How has epilepsy affected your life (for better and worse)?

Epilepsy has affected me for better because I have learned to adjust and become flexible because I never know when I may have a petite or grand mild seizure. I get to go everywhere with someone from my family or a friend who knows my condition to avoid anything bad to happen. I have gotten the chance to meet people like athletes who go support patients in similar conditions at the hospital. It showed me that there are people who do go around giving support and who are positive. It also has affected for the better where I know that medical science is working very hard to make progress for epilepsy testing and treatment which benefits me in the end. 

Epilepsy has affected me for worse a few times because I did get treated badly in school.  I was being bullied because a teacher didn't know how to deal with the seizures and also a teacher thought I took advantage of my condition to get out of test. Even a security guard in the college I went to thought I was “doing drugs” and that was why I was having seizures. 

How did you feel about having surgery?

When I was told that I would need to get surgery, and told the procedure. I was terrified and didn't want to go through it. I also knew though that if that was the only way to get rid of or get the seizures under control, it had to be done. My feelings towards surgery changed, I started to think of the changes and the things I could do when the surgery went well.   

What was going through this like and how are you now since the surgery?

The day of the surgery my parents and I had gotten up early, and we picked up some family friends to go as support. When we arrived at the hospital I was nervous. After the first part of the surgery was done I saw what the doctor had done. I knew that there was no reason to be afraid of finishing the surgery. The second procedure went well and I stayed in the hospital for a while until the stitches healed and to be monitored.

It's been five years since the surgery I've been doing a lot better. I still do get seizures from time to time, but they're under control. Even though I still am getting seizures; I graduated with honors in high school. I also graduated with an Associate degree in the Arts in a community college. I've received awards in both high school and college.      

What are you doing now: studying, working, are you doing anything that you want to tell people about?

Now I've been working so I can go back to studying and get a Bachelor’s degree in the Arts. Using my studies in Communications, I've put together a video for an event. I'm helping someone with scripting for this project and I'm working on my own collecting videos I have so I can put together a whole new video. Besides putting together videos, I've been working on writing books of my own.  I would like to save up money so that one day I can create a production company so that all the work I do would be known. 

How do you work to raise epilepsy awareness?

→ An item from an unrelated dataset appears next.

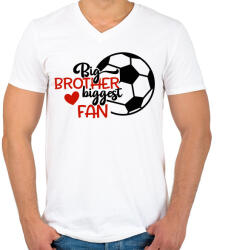 printfashion Big brother biggest fan - Férfi V-nyakú póló - Fehér (4951366)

I've worked to raise epilepsy awareness by educating key persons (e.g. my teachers and professors and coworkers) about epilepsy and seizures teaching them about first aid for seizures. In addition, one of the books I'm writing is an autobiography of my life. I am writing in it all that happened when my epilepsy started and the many experiences I have since had so that others can know what it is like. I also have plans of putting together a video in the form of a documentary or a montage; to explain epilepsy and how seizures are not all the same for everyone. 

What advice do you have for people living with epilepsy?

My advice for people living with epilepsy is to never be discouraged and never lose hope. Everything could get better as time passes by and a lot of times you’ll see that things do in fact get better. If you have a goal and a dream, never give it up because you can one day achieve it like I am doing with my education. Always think positive, especially about yourself. Recognize that your family is always there for you, every step of the way to give you support and guidance.  

What are your future plans for working in epilepsy?

My future plans for working with epilepsy are writing a book about my life and working on putting together a video. Also to save up to create a not-for-profit organization (foundation) to make a change in the world of epilepsy.